Goal of the exercise — No pictures go into the output, which should consist only of the lines from the first line of the data through the line with "Closeup of the", copied exactly.

Records from a collection
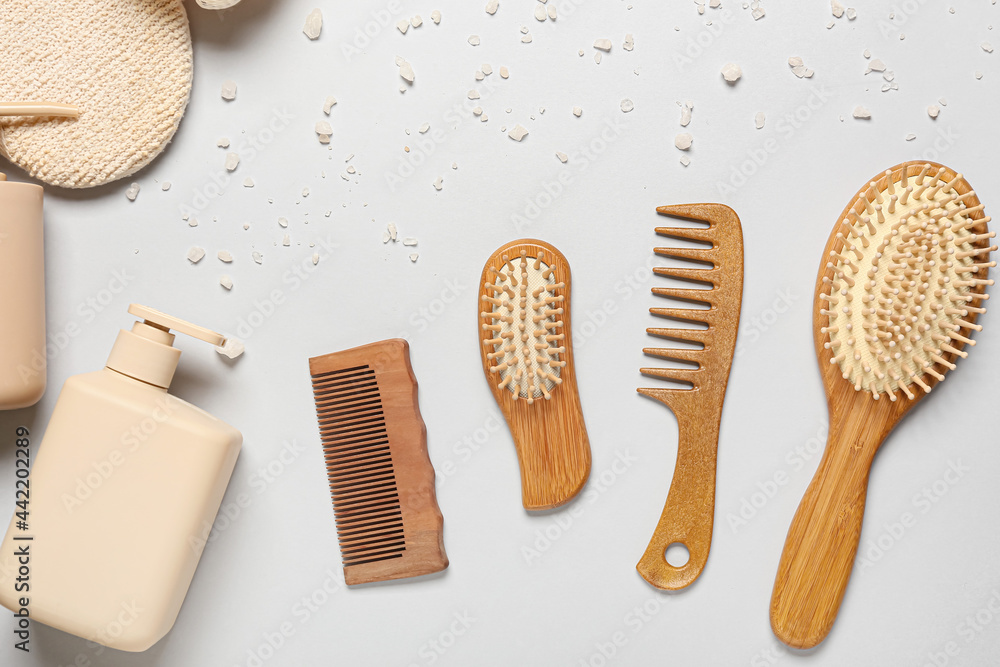 Hair brushes, combs and bath supplies on light background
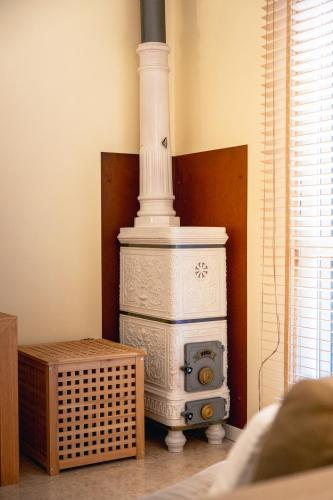 a white stove sitting in the corner of a room at Casa Bembo in Asolo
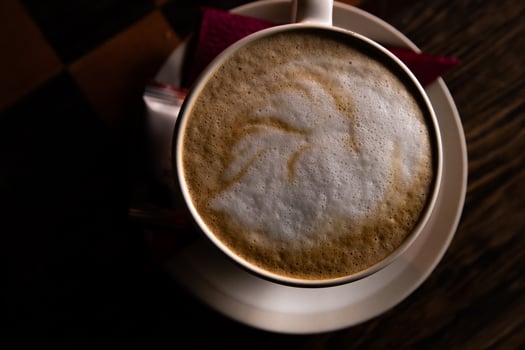 Closeup of the cup of cappuccino on the white plate on the dark wooden table. White cup of hot coffee latte  Top view. Copy Space. photo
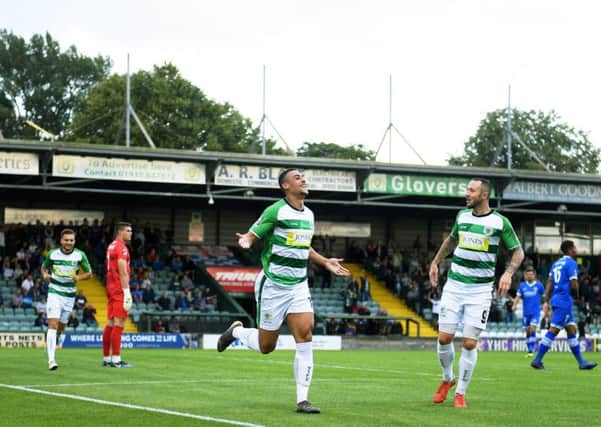 YEOVIL, ENGLAND - AUGUST 06: Courtney Duffus of Yeovil Town(C) celebrates after scoring his sides first goal during the Vanarama National League match between Yeovil Town and Eastleigh FC at Huish Park on August 06, 2019 in Yeovil, England. (Photo by Harry Trump/Getty Images)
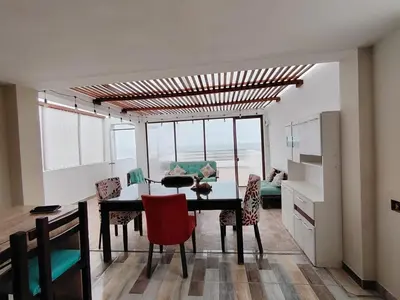 a dining room with a table and some chairs at Hospedaje Ocean Glips in Punta Negra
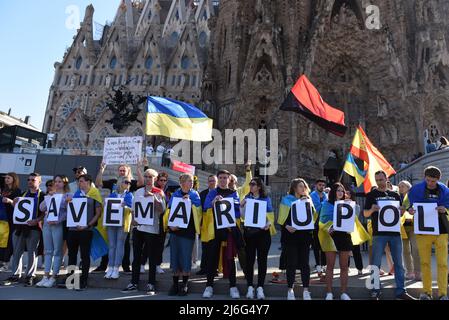 Während einer Demonstration gegen die russische Invasion in der Ukraine halten Demonstranten Flaggen und Plakate mit der Aufschrift „Save Mariupol“. Rund dreihundert Demonstranten, überwiegend Ukrainer, versammelten sich vor der berühmten Basilika Sagrada Familia in Barcelona, um einen grünen Korridor in Mariupol und Frieden für ihr Land zu fordern. Stockfoto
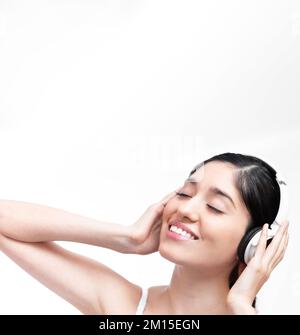 A young beautiful White Hispanic woman model sitting in a tree Stock ...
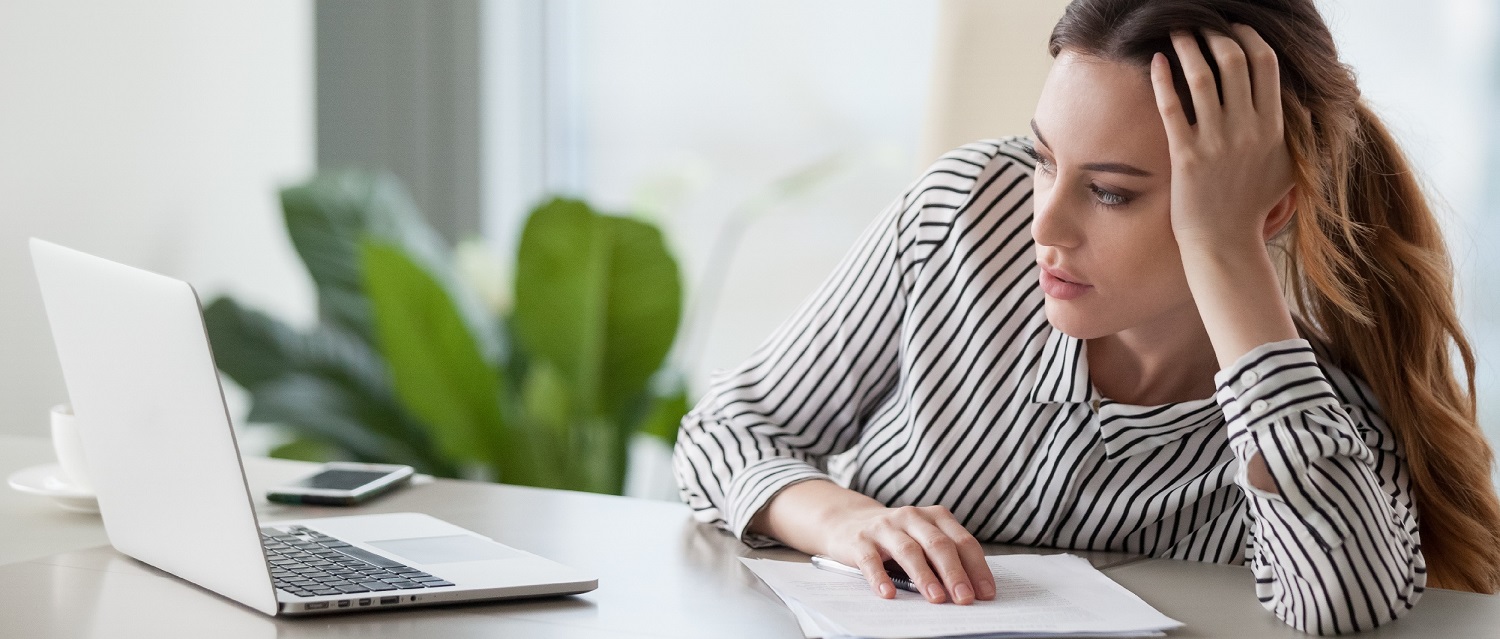 Red haired woman leaning on her left arm looking exacerbated at a laptop on a white table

Output of the task —
 Hair brushes, combs and bath supplies on light background
 a white stove sitting in the corner of a room at Casa Bembo in Asolo
 Closeup of the cup of cappuccino on the white plate on the dark wooden table. White cup of hot coffee latte  Top view. Copy Space. photo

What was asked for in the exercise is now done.